Papier KSTA 17-2-1999

GEWÖLK AUS PAPIER

Künstler im Umgang mit leichtem Material
Kaum zu glauben, wieviel raumgreifendes Volumen eine gewöhnliche Postkarte annehmen kann. Heike Weber macht daraus einen einzigen langen Streifen, immer haarscharf am Rand entlang schneidend, so daß sich die Fläche in ein Gewölk gespreizter Papiertentakel auflöst. Filigrane "Grüße von Peter" mit Spuren blauer Tintenhandschrift - ein Imaginationsraum leichthin zwischen Wort und Bild fluktuierender Gedankengänge.
Die Leichtigkeit des Materials scheint erfreulicherweise auf eine ganze Reihe der sechzehn Künstler und Künstlerinnen mit knapp dreißig Arbeiten zum Thema Papier übergriffen zu haben "Memories - when the present meets the past" nennt Jarg Geismar seine so verspielte wie tiefgründige Installation im Badezimmer: Auf Tellern in der Badewanne liegen aus Zeitungen ausgeschnittene Papierblüten in grüngefärbtem Wasser, manche schwimmen an der Oberfläche, andere, neuzeitliche Ablagerungen sind schon auf den Grund abgesackt.
Walter Dahn findet ein Vogelnest, in das ein alter Fünfzigmarkschein eingearbeitet wurde. Ein bißchen zerfleddert und zurechtgedrückt, wirkt das Papiergeld geradezu prädestiniert zur Schaffung optimaler Nest-Qualitäten ("Eiserne Ration", 1989/90)

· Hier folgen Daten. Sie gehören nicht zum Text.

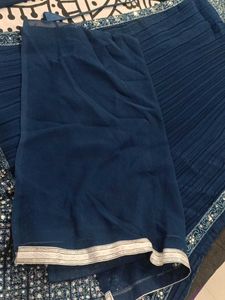 Teal blue palaZo set with dupatta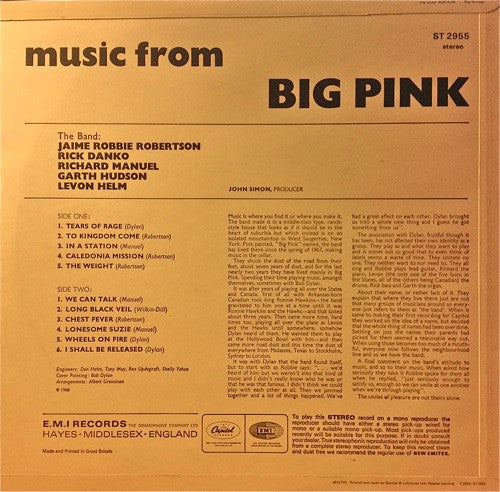 The Band - Music From Big Pink - The Funkadoobian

Christoph Preußmann zeichnet dichte, feinmodulierte Pastelle auf Papier. Die reizvolle Oberflächenstruktur macht es erforderlich, sehr nahe an das Bild heranzugehen. Dabei wird deutlich, daß der Zeichenkarton nicht nur als Grund für die Zeichnung, sondern für das gesamte dreidimensionale Bildobjekt als Gestaltungsmaterial dient. Die Perspektive ändert sich dadurch völlig. Das Objekt als Ganzes wird wichtig, seine Position zwischen Tafelbild und Buchillustration, die ebensowenig faßbar ist wie die Diskrepanz zwischen seiner tatsächlichen Leichtgewichtigkeit und dem evozierten Eindruck von Schwere.
Eher klassisch dagegen ist der Umgang mit Papier, den Karl Bohrmann zeitlebens pflegte. Seine Leidenschaft für dessen farbliche, taktile und auch erzählerische Qualitäten fand vor allem im Umgang mit gebrauchten Papieren, Briefen, Umschlägen, Zetteln jeder Art eine Herausforderung. Meist nur mit wenigen Pinselstrichen akzentuiert, zeugen die kleinen Collagen und Zeichnungen von tiefer Materialkenntnis.
Und wie klingt Papier? Annebarbe Kaus Klanginstallation "Papier" setzt auf das Elementare, die Reinheit des Papiers, seine durch den Herstellungsprozeß bedingte enge Beziehung zu Wasser. Korbartige Kugeln aus Kaninchendraht scheinen wie bizarre Blasen aufzusteigen, teilweise gefüllt mit weißem, geknülltem Seidenpapier, das die wabenartige Äderung erscheinen läßt. Ganz oben ist ein kleiner Lautsprecher angebracht. Er antwortet dem optischen Eindruck einer Aufwärtsbewegung mit einem feinen, zarten Rascheln, das geradezu an der Installation herunterzurieseln scheint.